* What is required
Copy exactly, from the beginning of the material below, every line up to and including the one holding "- Foto, imagen", with the pictures left out.
**** Records for processing ****
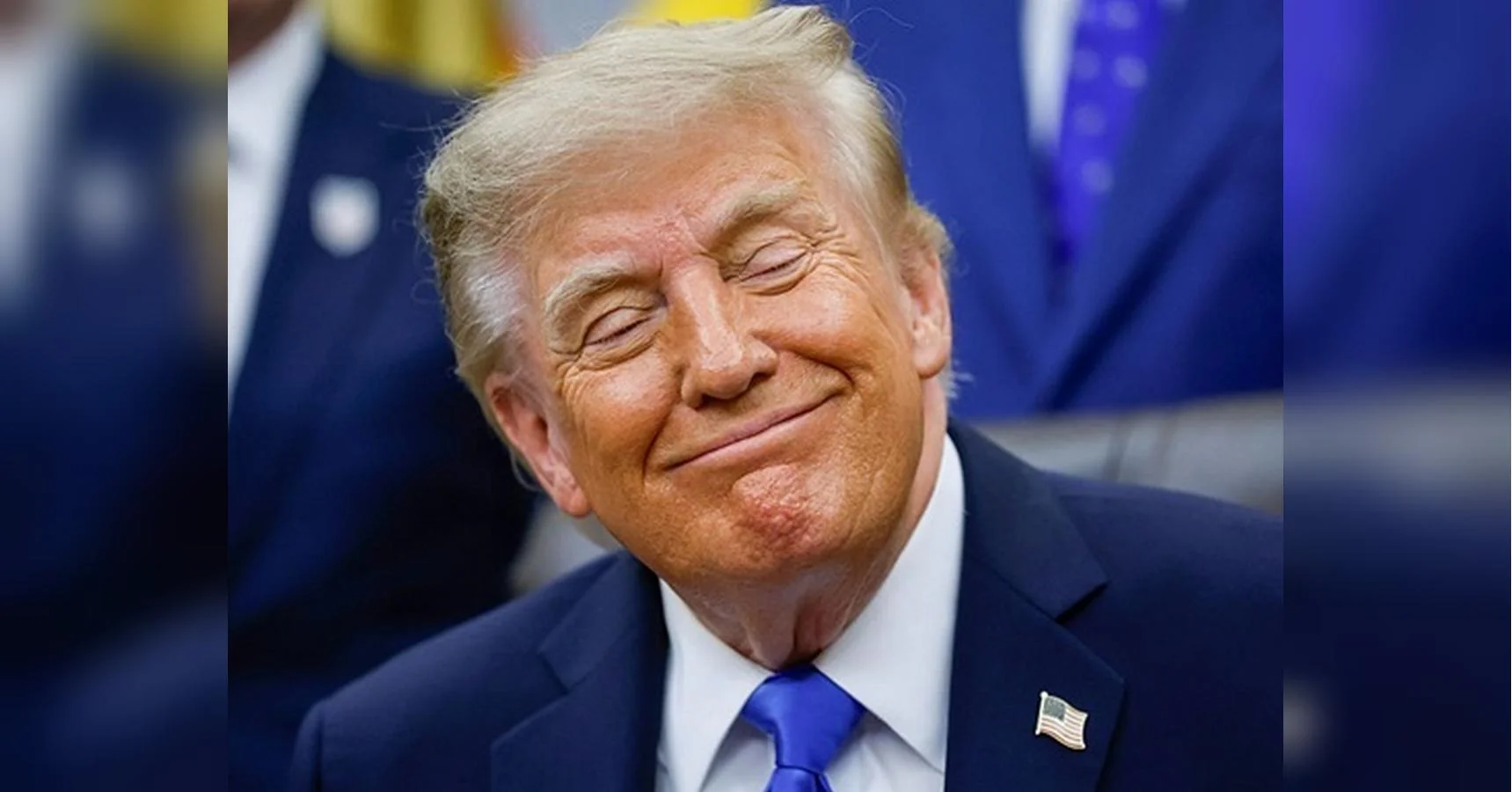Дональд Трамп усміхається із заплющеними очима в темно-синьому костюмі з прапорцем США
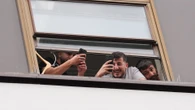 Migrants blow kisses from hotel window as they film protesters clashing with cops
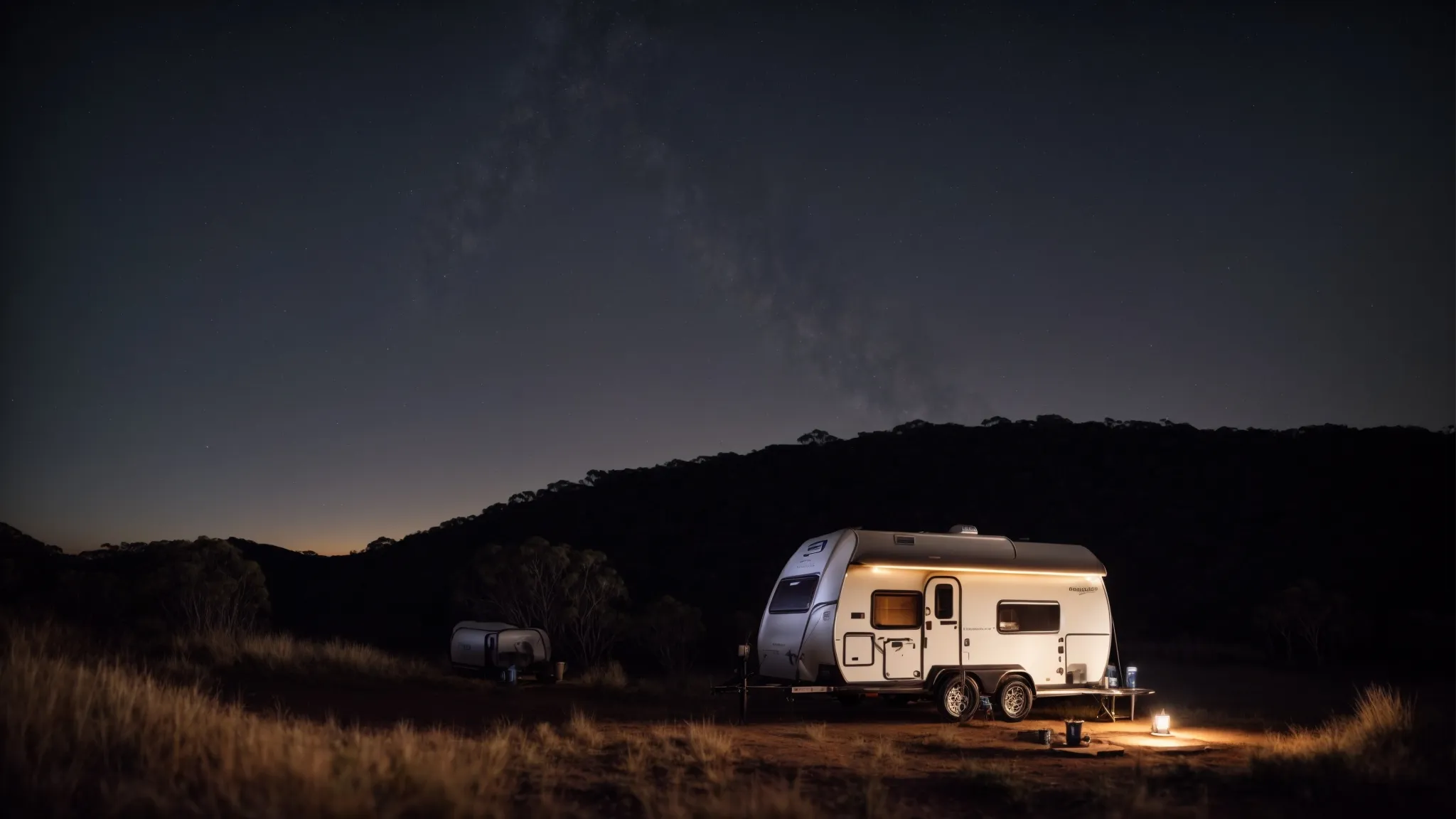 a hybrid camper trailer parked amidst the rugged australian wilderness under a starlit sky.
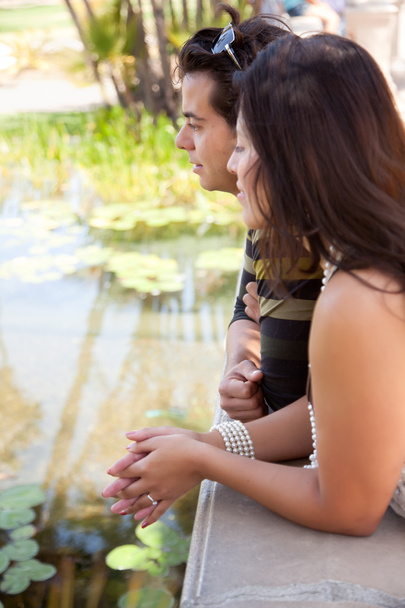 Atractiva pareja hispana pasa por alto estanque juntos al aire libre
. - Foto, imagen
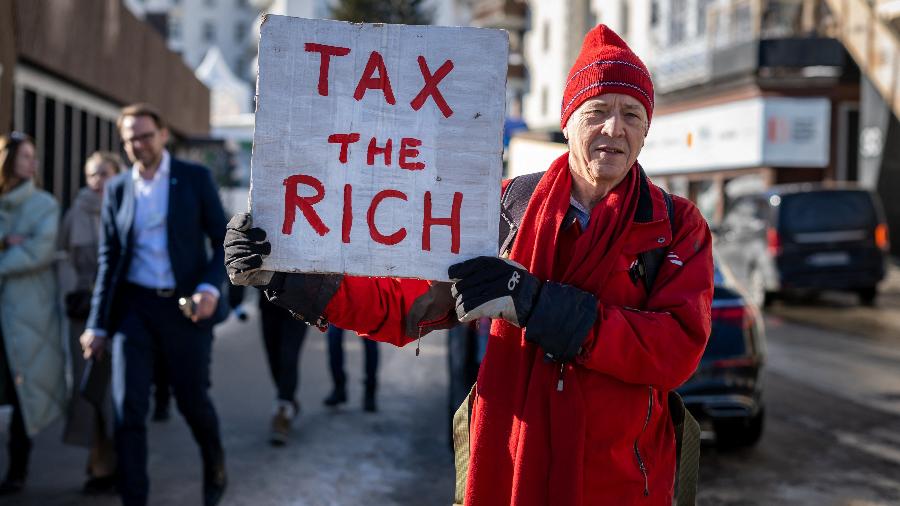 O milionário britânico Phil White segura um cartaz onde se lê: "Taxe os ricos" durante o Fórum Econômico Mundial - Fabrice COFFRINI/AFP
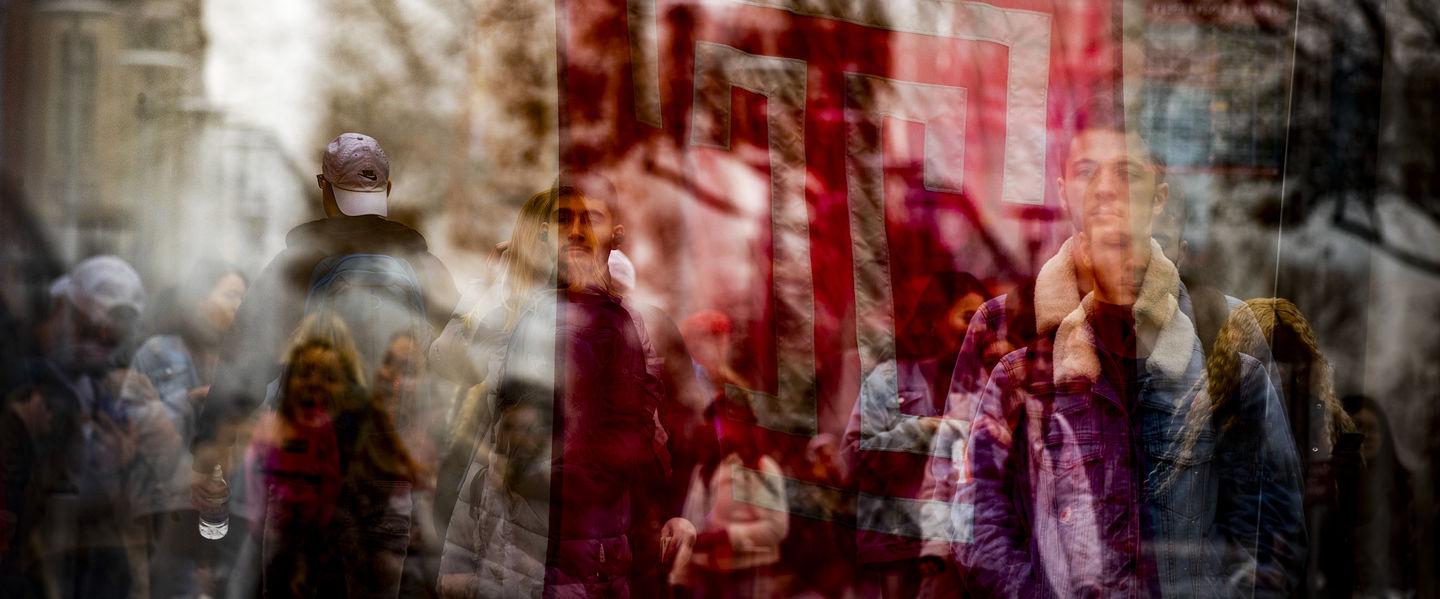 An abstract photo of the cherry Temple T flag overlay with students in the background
****
* Solution to the problem
Дональд Трамп усміхається із заплющеними очима в темно-синьому костюмі з прапорцем США
 Migrants blow kisses from hotel window as they film protesters clashing with cops
 a hybrid camper trailer parked amidst the rugged australian wilderness under a starlit sky.
 Atractiva pareja hispana pasa por alto estanque juntos al aire libre
. - Foto, imagen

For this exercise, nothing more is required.